### Source data:
+ + +
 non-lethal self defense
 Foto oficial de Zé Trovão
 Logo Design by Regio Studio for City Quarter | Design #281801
+ + +
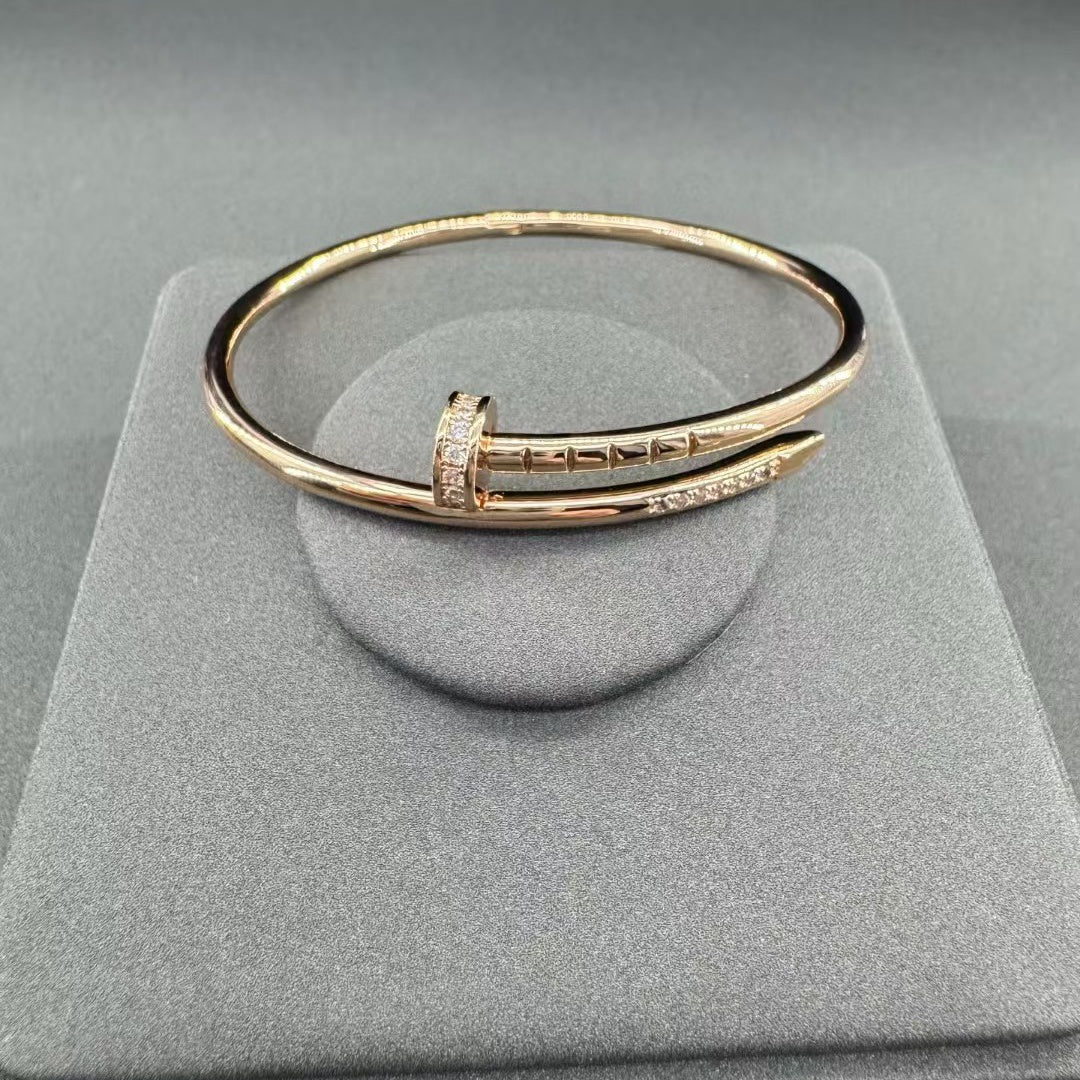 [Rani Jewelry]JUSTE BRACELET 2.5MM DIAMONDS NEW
+ + +
### Assigned task:
From the data above, reproduce word for word the lines running from the line with "non-lethal self defense" to the line with "Logo Design by", ends included.

### Answer to this problem:
 non-lethal self defense
 Foto oficial de Zé Trovão
 Logo Design by Regio Studio for City Quarter | Design #281801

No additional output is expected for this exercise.